While these novel views have started to impact clinical and theoretical work (Bateman & Fonagy, 2016; Holmes & Slade, 2017), there is still very little empirical work to support them. In fact, while the concept of ET has inspired a growing empirical literature in developmental psychology (e.g. Corriveau & Harris, 2009; Haga & Olson, 2017; Harris & Corriveau, 2011), the study of the concept in adolescents, adults and (in particular) clinical populations is still in its infancy. In particular, there is no valid measure of ET available today for adolescents or adults.

The current study attempts to fill this research gap by devising an assessment of epistemic trust (ET) that attempts to translate the theoretical assumptions of the clinically informed ET literature into a valid experimental paradigm. Most of the work in this field up today is theoretical in nature, and further developments in this area of research are likely to depend on methodological advancements related to the measurement of ET. After a brief review of the theoretical framework and empirical literature for this study, in the following we describe the development of our assessment of ET and a protocol for its validation.

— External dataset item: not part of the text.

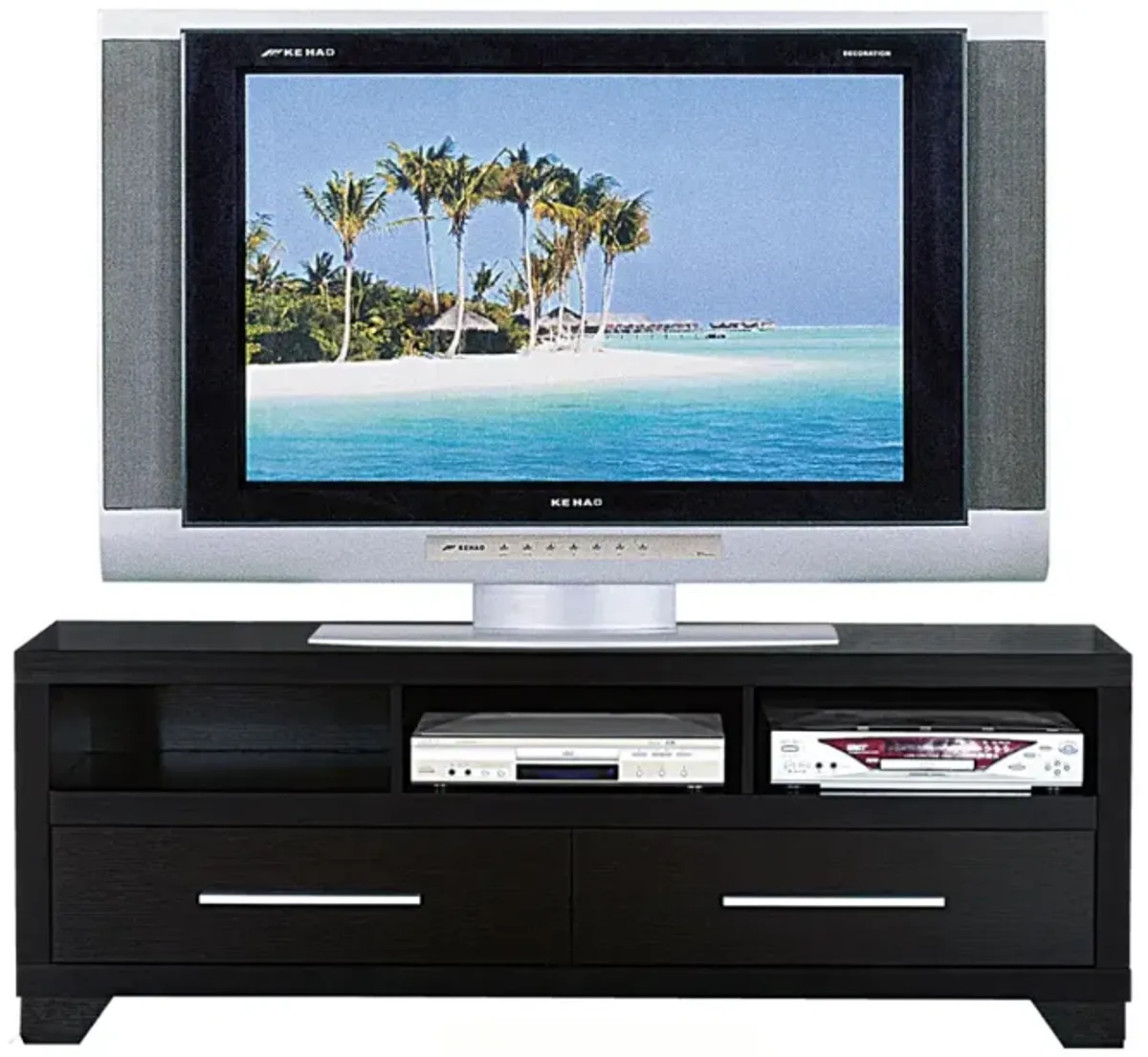 Rich and Elegant TV Stand With Storage - Benzara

Epistemic trust and epistemic vigilance

Learning involves, by definition, some kind of generalization of the import of new information that is learnt on a specific occasion (i.e. at a specific time and in a specific place) to novel instances where the information can be used for a different goal or in a different context. Theories of learning usually argue that such generalization relies on statistical procedures that sample multiple episodes (Csibra & Gergely, 2009). Humans, however, can acquire generic knowledge from a single instance in which they gain new information, i.e. through intentional communication with a trusted person. For example, from many repeated observations, one may learn that a particular series of movements leads to having one’s shoes laced. Yet if the person (e.g., a parent) who is performing those movements does not merely perform the sequence of actions, but performs it manifestly for their addressee (e.g., a child) by clearly indicating that this is a demonstration presented to them specifically, they will learn significantly more from the same action than they would from simply observing how it is performed. In other words, by providing information ostensively (i.e. by indicating an intent to communicate, Sperber & Wilson, 1995), it may suffice one or two demonstrations from a trusted other (i.e. a parent) about e.g., “how one ties shoe laces” to transmit information reliably.

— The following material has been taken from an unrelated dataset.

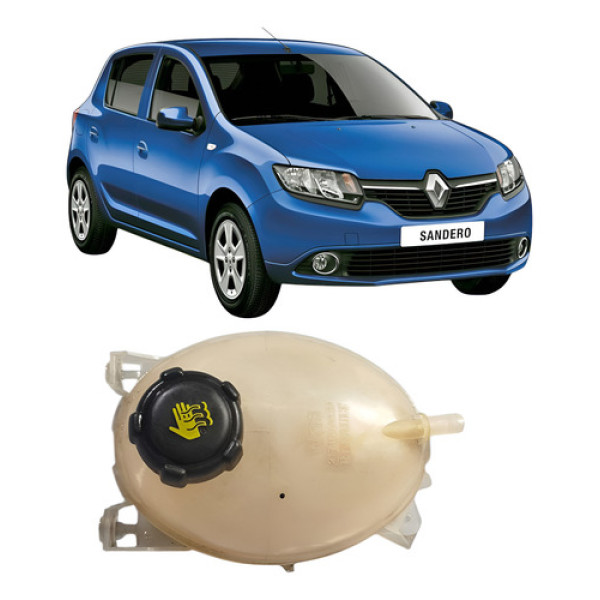 Reservatório Água Radiador 1.0 Renault Sandero 2014 A 2019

Mammal species have developed mechanisms to protect themselves from deception; similarly, humans depend to a large extent on communication with others, which leaves them open to the risk of being misinformed, sometimes intentionally. To ensure that communication remains advantageous, humans must possess a suite of mechanisms for epistemic vigilance (Sperber et al., 2010). However, the human capacity to acquire from others information that has social and cultural significance may rely on a special kind of trust that may be characteristic of the human species.

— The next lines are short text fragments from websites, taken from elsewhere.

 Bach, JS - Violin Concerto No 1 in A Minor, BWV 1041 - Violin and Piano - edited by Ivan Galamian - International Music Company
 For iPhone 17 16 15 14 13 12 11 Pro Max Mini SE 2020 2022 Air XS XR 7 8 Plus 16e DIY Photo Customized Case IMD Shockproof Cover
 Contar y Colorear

Csibra & Gergely (2009) have made the claim that human communication is adapted to allow the transmission of generic knowledge between individuals in at least two distinct ways. First, human infants are sensitive by default to ostensive signals that indicate that they are being addressed. Ostensive cues like eye contact, motherese and marked mirroring prepare the interlocutor for information specifically relevant to them, thereby increasing the chance of the information being accepted and generalized to other circumstances, interaction partners and situations (Csibra & Gergely, 2009; Egyed, Kiraly, & Gergely, 2013). Second, humans may be biased to interpret ostensive communication as conveying information that is generalizable – i.e. have ET.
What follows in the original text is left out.